Reputation: 1587
I recently started working with encoding in Ruby, and am confused by some behavior.
I'm using 2.2.3p173 and am showing the following:
__ENCODING__ #=> #<Encoding:UTF-8> Default encoding in 2.2.3
"my_string".encoding #=> #<Encoding:UTF-8>
Object.to_s.encoding #=> #<Encoding:US-ASCII>
Object.new.to_s.encoding #=> #<Encoding:ASCII-8BIT>
What's the cause of this discrepancy in encodings?
Upvotes: 7
Views: 1675
Reputation: 22385
Nice find!
The short answer is it's completely arbitrary and it depends on how Ruby internally builds the strings that are being returned.
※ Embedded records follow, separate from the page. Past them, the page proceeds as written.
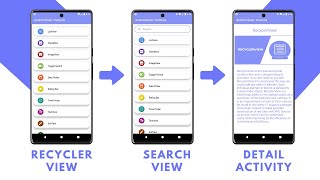 RecyclerView with SearchView and Detailed Activity in Android Studio using Kotlin  Source Code [upl. by Mendoza531]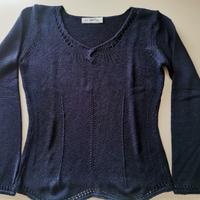 Maglione di cotone blu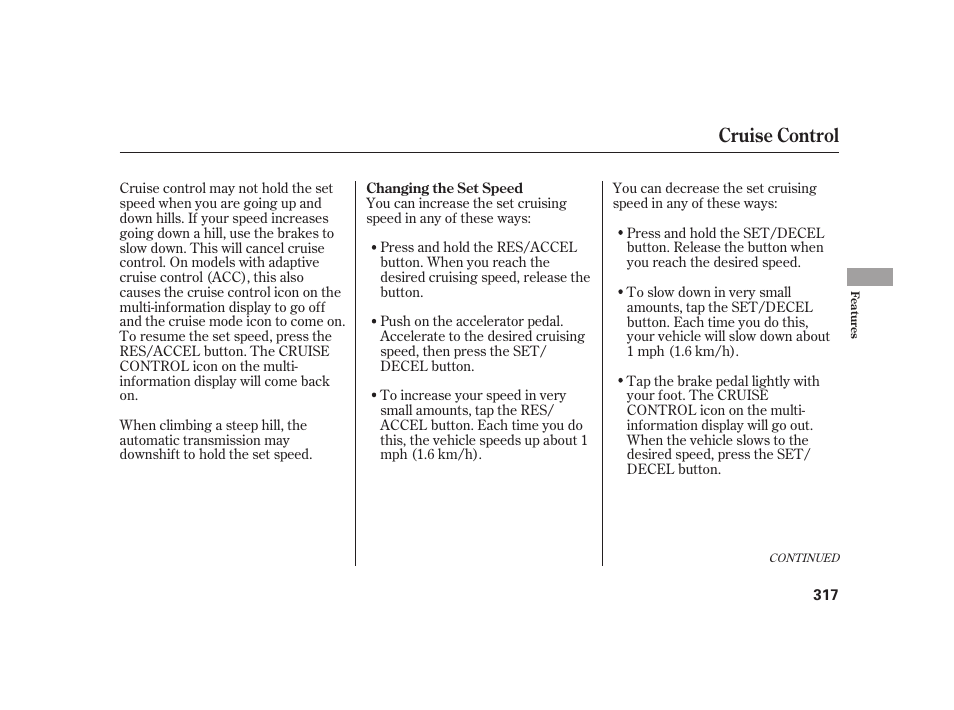 Cruise control | Acura 2009 RL User Manual | Page 323 / 554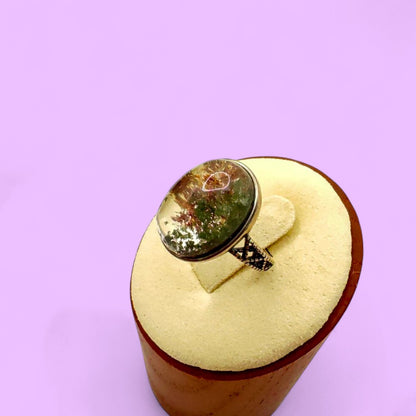 Anillo ajustable de Plata 925 con Cuarzo Chamánico (Lodolita) ovalado | Magicka Shop SKU ANIL-CUACHAM-OVAL-PL-AJ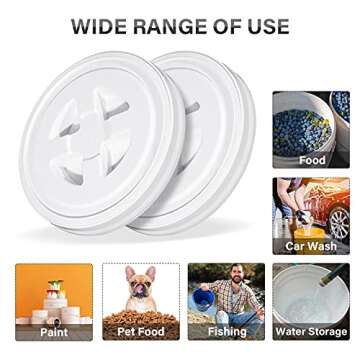 Durable 5 Gallon Leak-Proof Screw Cap Storage Lids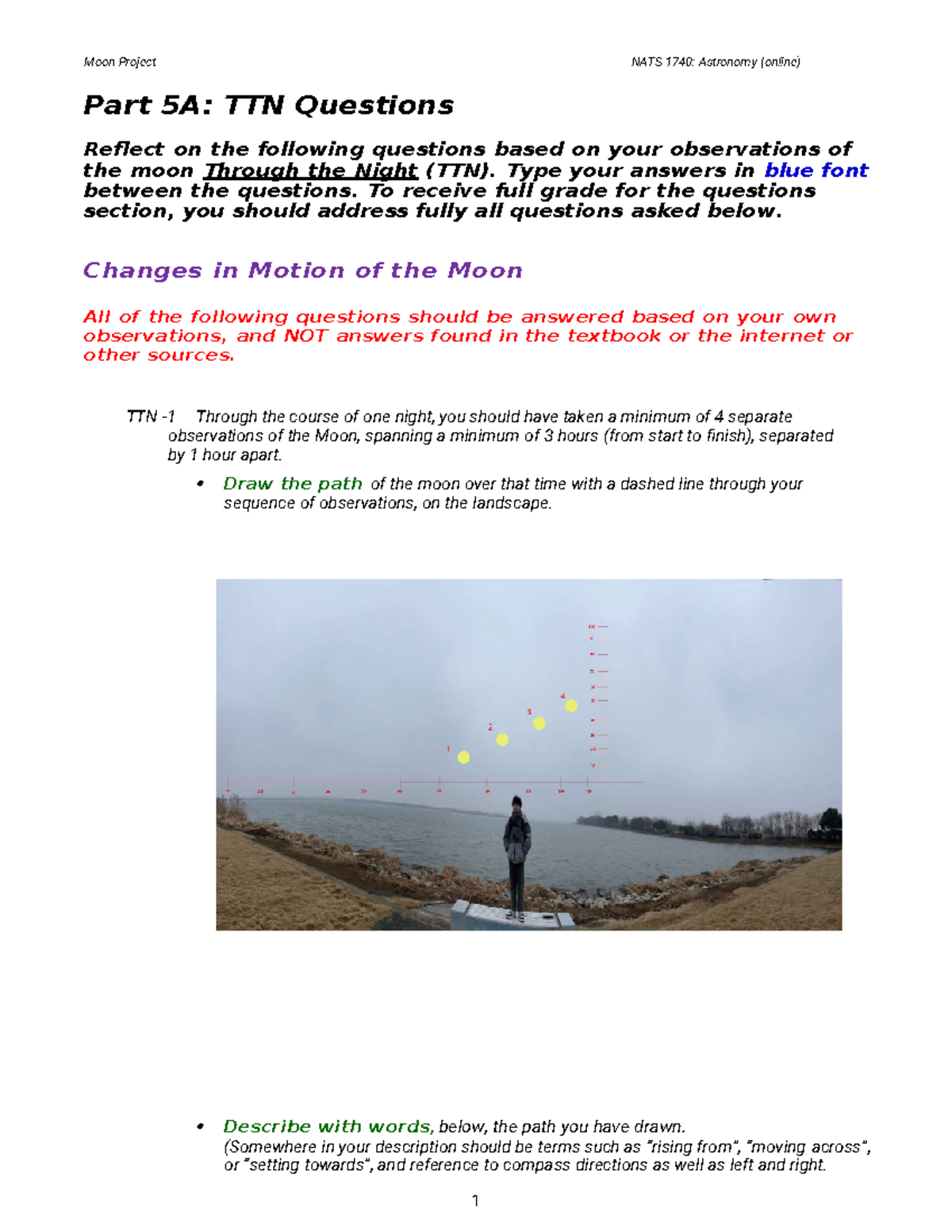 3a Moon Project Questions 603 - Part 5A: TTN Questions Reflect on the ...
There are a whole host of internal C functions that construct empty strings or literal strings with US-ASCII encoding: rb_usascii_str_new
and similar. They're frequently used to construct strings by appending smaller fragments of strings. Almost every to_s
method does this:
[].to_s.encoding
#<Encoding:US-ASCII>
{}.to_s.encoding
#<Encoding:US-ASCII>
$/.to_s.encoding
#<Encoding:US-ASCII>
1.to_s.encoding
#<Encoding:US-ASCII>
true.to_s.encoding
#<Encoding:US-ASCII>
Object.to_s.encoding
#<Encoding:US-ASCII>
So why not Object.new.to_s
? The key here is that Object#to_s
is the fallback to_s
method for every class, so in order to make it generic-yet-informative they coded it to output the value of the object's internal pointer. The easiest way to do that is with sprintf
and the %p
specifier. BUT whoever coded Ruby's sprintf
wrapper rb_sprintf
got lazy and just set the encoding to NULL
which falls back to ASCII-8BIT
. So generally anything that returns a formatted string will have this encoding:
Object.new.to_s
#<Encoding:ASCII-8BIT>
nil.sort rescue $!.to_s.encoding
#<Encoding:ASCII-8BIT>
[].each.to_s.encoding
#<Encoding:ASCII-8BIT>
As for strings defined by a script, those get the default encoding UTF-8 as you would expect.
Upvotes: 6
Reputation: 7779
Object
is defined in C
if you try the following:
String(123456).encoding #=> #<Encoding:ASCII-8BIT>
"123456".encoding #=> #<Encoding:UTF-8>
I did not dig a lot in ruby source code but it looks like is harcoded the encoding (rb_usascii_str_new2
) for to_s
Upvotes: 2